Ms. Juskova’s shop has proved such a retail magnet that it is now bookended by friendly rivals, also examples of the capital’s newfound style cachet: Local and international streetwear is the focus of Slowatch, while the T-shirts at Kompot feature graffiti-style cartoons, slogans and modern riffs on the same traditional patterns used on dishes by Modranska next door. This trio of shops is easy to find in the city center, close to the Soviet-style trams which still trundle noisily around its main streets.

Head northeast of Bratislava’s city center and you’ll find Drobne. This boutique, run by three sisters, also specializes in homegrown designers. It stocks its own clothing brand as well as Buffet, which produces Everlane-like quality basics, and Biela, whose capsule collection consists largely of white shirts for men and women.

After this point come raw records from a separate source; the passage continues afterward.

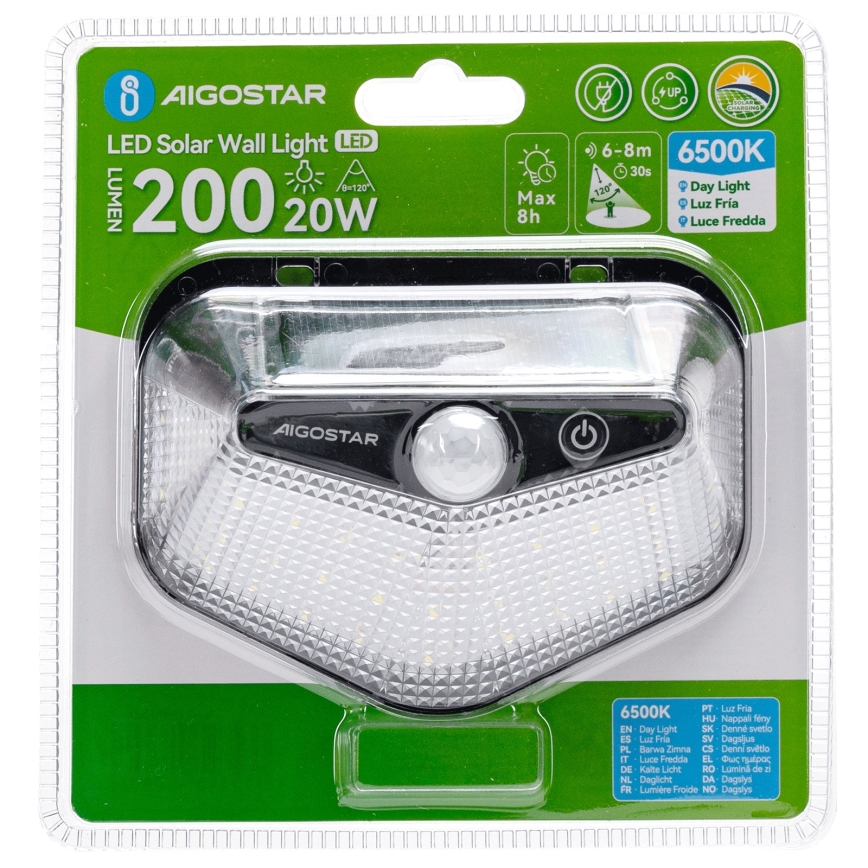 Aigostar - Luminaire solaire LED avec capteur LED/3,7V 6500K 500 mAh IP65 noir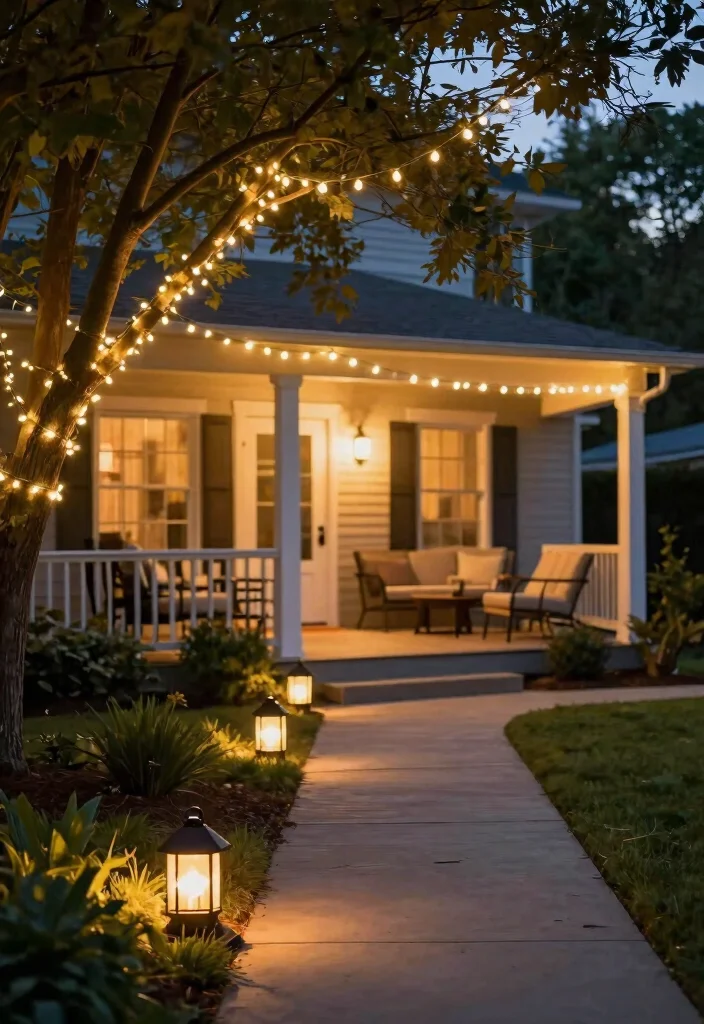 16 Front Yard Ideas on a Budget That Look Expensive 24 16 Front Yard Ideas on a Budget That Look Expensive - 4. Outdoor Lighting Magic 1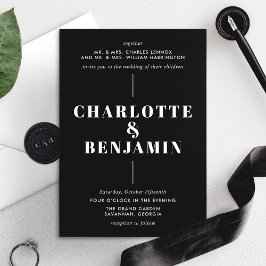 Elegante moderne gedurfde witte en zwarte bruiloft kaart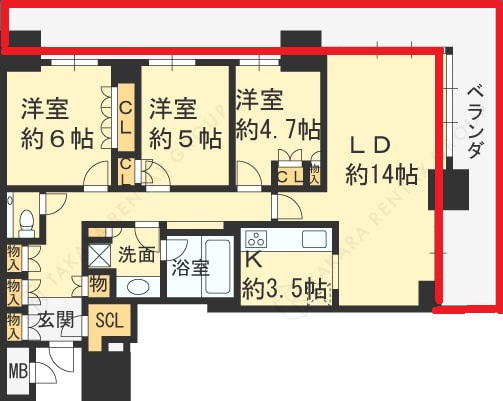ブランズタワー梅田North　3LDK図面（バルコニー）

To help shoppers find their way, the Slovak Fashion Council, which champions that industry across the country, designed a shopping map for Bratislava three years ago.

The first edition featured 20 retailers; the latest iteration, published this month, showcases more than 80 shops. The council is producing two versions. The free hard copy, available in English at many stores in town, is aimed at casual visitors. A smartphone app in Slovak and English, coming out Dec. 1, is to offer live updates and event listings.

“The strong point for high-end design here is that you can be sure it’s created locally,” said Zuzana Bobikova, who runs programming for the council. “And you can be sure you won’t find 20, or even 10, other people wearing the same thing.”

The council’s map and app will help more shoppers unearth stores like Zita, a millennial pink-painted optician that specializes in heavy-framed, hipster glasses, or Tikoki, which sells sneakers produced in an old Slovakian factory and which collaborates with local designers for limited-edition remixes of its classic silhouette.

The designer Andrea Vonkomerova focuses on Merino wool knitwear, also produced in Slovakia, with eye-catching prints and oversize silhouettes. Malinna is an all-natural beauty brand and retailer with a minimalist aesthetic, while Pakta is a standout accessories brand.

Pakta’s combined workshop and retail space in the city center is where the couple behind the brand both make and sell their designs; they specialize in sustainable materials, especially waxed cotton and pinatex, an eco-fabric produced as a byproduct from pineapple farming.

Pakta’s Kerim Hudson is a Londoner who met his Bratislava-born girlfriend, Hana Komanova, when she was studying fashion in Britain. They moved here when mulling starting their own line. “There’s a young scene here, because nowadays lots of Slovaks study abroad and then come back, looking to try to regenerate areas,” he said.

Another such returnee is Jakub Dianiska, who left life as a consultant in London to open one of the city’s chic cafes, Mandla, in the once-grubby district between Bratislava’s hilltop castle and the banks of the Danube.

That area of waterfront real estate is being redeveloped as a mixed-use site, anchored by spots like Mandla, where Mr. Dianiska sells coffee, tea and ceramics, including the thimblelike earthenware cups in which he serves espresso. “Bratislava is unique, in that it has been starved of attention and was maybe waiting for its opportunity to come to the surface, to bloom into something,” he said. “That’s what’s happening now.”

Another boomeranging Bratislavan is Matus Vallo, elected last year as mayor. Mr. Vallo, 42, an architect by training, spent his teenage years in Italy before living in London and New York.

“The biggest question of my generation was whether to stay in Slovakia or live abroad,” Mr. Vallo said. “Like many others, after being successful abroad, I decided to come back.”

His mission as mayor, a tenure that lasts until 2022, is to focus on quality of life. He has earmarked several million euros for creating additional urban green spaces and supporting a contest next year to design new city benches, bicycle stands and trash cans. “The narrative in this city, for many years, was nothing is possible. I would like to show that change is possible.”